In the end it is the same situation as in common language: we say 'dentist' and not 'doctor, who repairs teeth if necessary'.

I meant the statement of the theorem not its proof, like the example you gave 'All subgroups of Abelian groups are normal'.Another question i have is about the definitions are they every time based on things that could be expressed as or represented from mathematical symbols and formulas?

 

[fresh_42]

Another question i have is about the definitions are they every time based on things that could be expressed as or represented from mathematical symbols and formulas?

You can define whatever you want. E.g. define a 'Tree-and-Plants-group' as a group whose elements except $e$ are all of order $6$. Now you can start to prove theorems about Tree-and-Plants-groups. One of the first to do, will be whether such groups exist at all. What about other orders? Are there groups in case we replace $6$ by a prime? Shouldn't we call our groups 'n-Tree-and-Plants-groups' then, with the order 'n' instead of $6$? And wouldn't we achieve more acceptance if we'd call them 'uniform-order-groups (UOG)' instead? Or will such a definition turn out to be useless, since all such groups exist only for primes $n=p$ and are commutative, in which case they are simply the finite fields $\mathbb{F}_p$?

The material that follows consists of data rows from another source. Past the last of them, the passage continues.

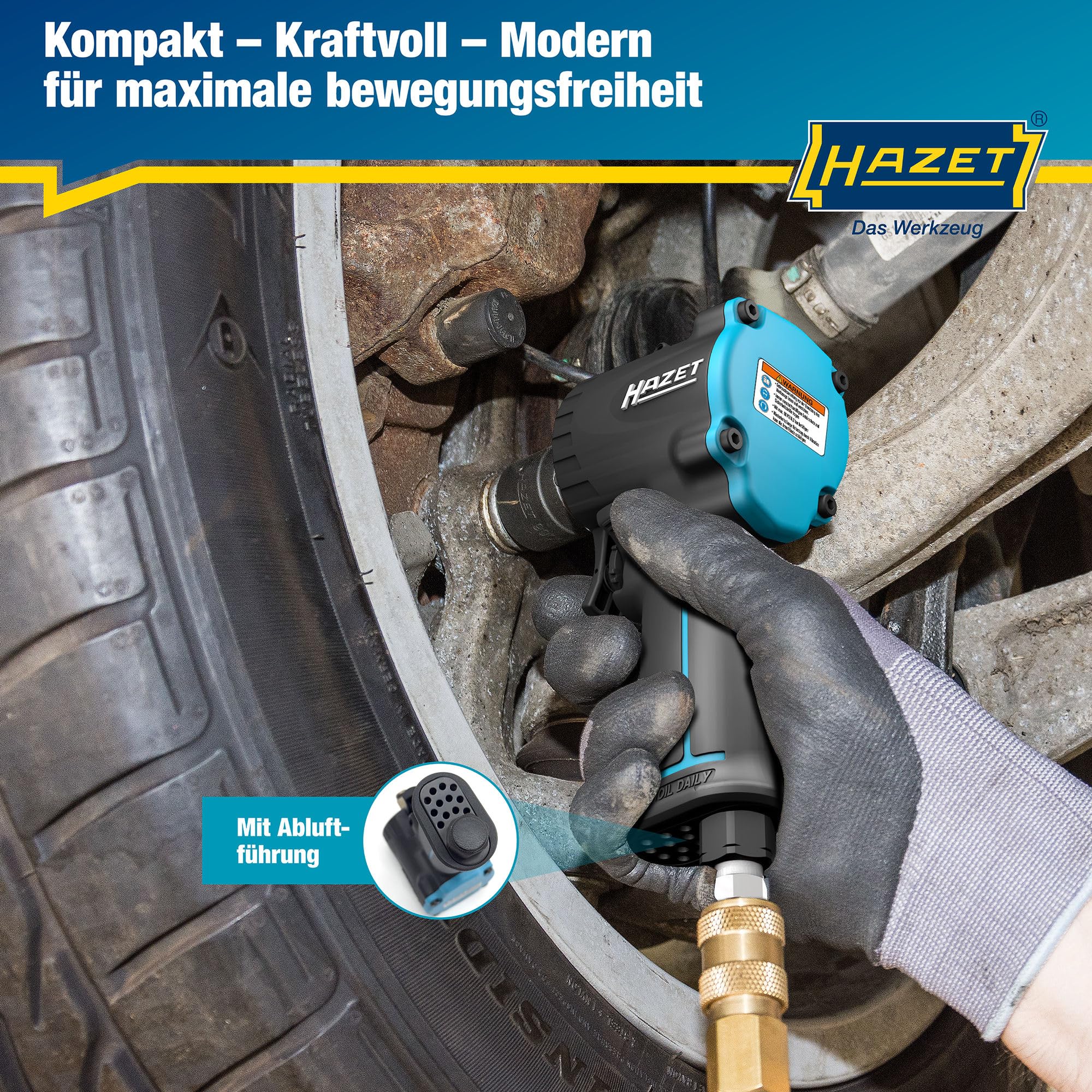 Hazet Druckluft-Schlagschrauber 9012M-1 I extra kurz - nur 80 mm, Max. Lösemoment: 1200 Nm, Vierkant 12,5 mm (1/2 Zoll), Betriebsdruck: 6,3 Bar I kompakte Bauweise für Arbeiten in beengten Räumen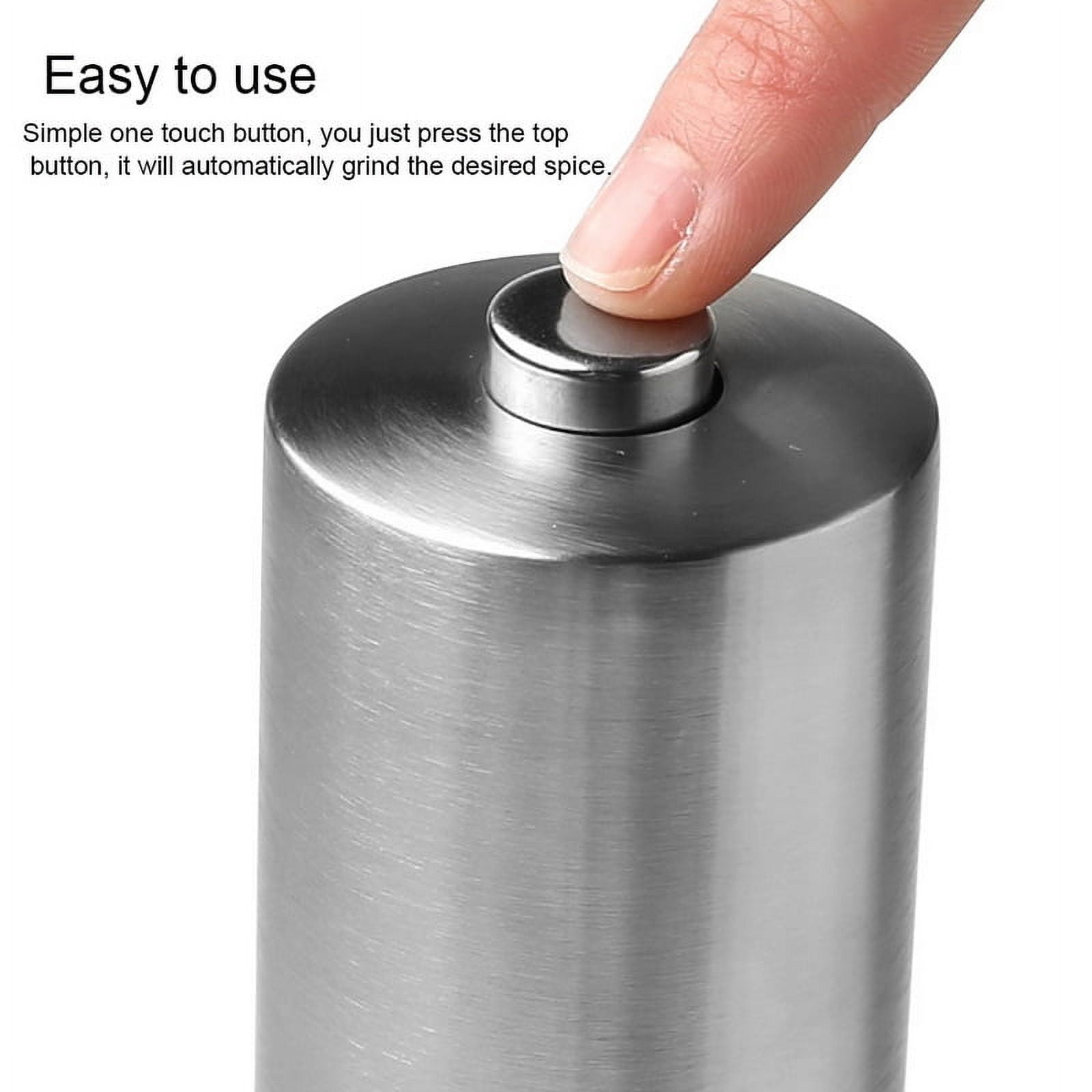 LNKOO Kitchen Electric Pepper/Salt Grinder - Battery Powered Stainless Steel Salt or Pepper Mill - Tall Power Shaker - Automatic Grinder with light - Adjustable Ceramic Coarseness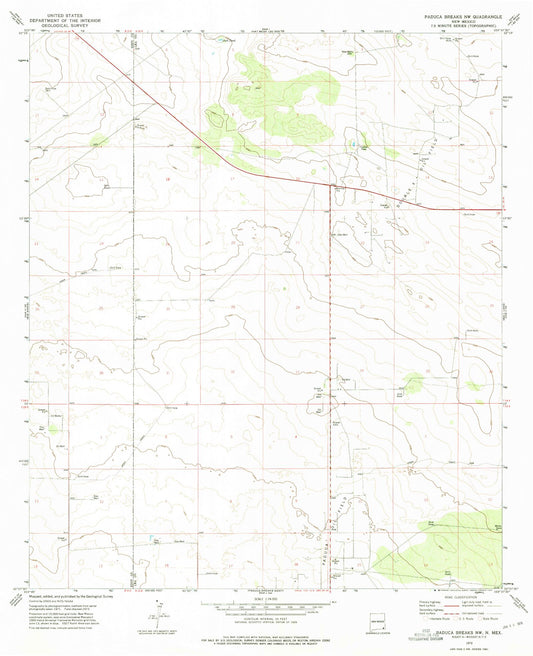 Classic USGS Paduca Breaks NW New Mexico 7.5'x7.5' Topo Map Image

You see that naming an object has very much to do whether it makes sense or not. People named certain classes of rings Noetherian and Artinian because it turned out that they have important properties. One could call such rings as well a.c.c. and d.c.c. rings, but the names honoring the two great mathematicians made the race. There is no "one principle fits all" answer to your question.

I think you should better learn your lectures instead of thinking about such unimportant formal questions. After learning some hundred names for theorems, lemmata, and definitions, you will see (or not) which follow a pattern, and which do not. In any case: it is not of interest, unless you are interested in a certain one and its history.

 

[FactChecker]

So, about that property to be considered important, what are the criteria? Are they personal or criteria made from other scientists or the scientific community?

Definitely not personal. I can only say that if you study abstract math long enough, you will develop an intuition about what is important.

Perhaps someone by combining the already known could define things all the time or not?

Abstraction must be motivated by something based on mathematical value. Experience is the only way to know what has value. (Maybe genius is another way, but I wouldn't know anything about that.)

 

[trees and plants]

I think you should better learn your lectures instead of thinking about such unimportant formal questions. After learning some hundred names for theorems, lemmata, and definitions, you will see (or not) which follow a pattern, and which do not. In any case: it is not of interest, unless you are interested in a certain one and its history.

It is good to try to pass my exams and then have a degree. I get stuck at problem solving during the exams. Perhaps i should better try solving problems or exercises? Which exercises should i prefer? Those associated with the lectures?Sorry for being a little off topic.

I do not know but definitions take my attention very much. I also read and try to learn theorems but this thing with definitions happens. What should i do to fix it?

Since i read about Riemannian manifolds and manifolds generally, i wanted to find other abstract spaces or generalise or try to make analogues of mathematical space.

 

[Mark44]

I think you should better learn your lectures instead of thinking about such unimportant formal questions.

Strongly agree.

It is good to try to pass my exams and then have a degree.

Yes, absolutely.

I get stuck at problem solving during the exams. Perhaps i should better try solving problems or exercises?

Yes again, If you take the advice given by fresh_42, maybe you will do better on your exams.

 

[FactChecker]

The lectures undoubtedly cover the most important facts. They may not include a lot of examples and worked exercises. I always liked the Schaums Outlines series because they include a lot of worked examples and exercises with worked answers.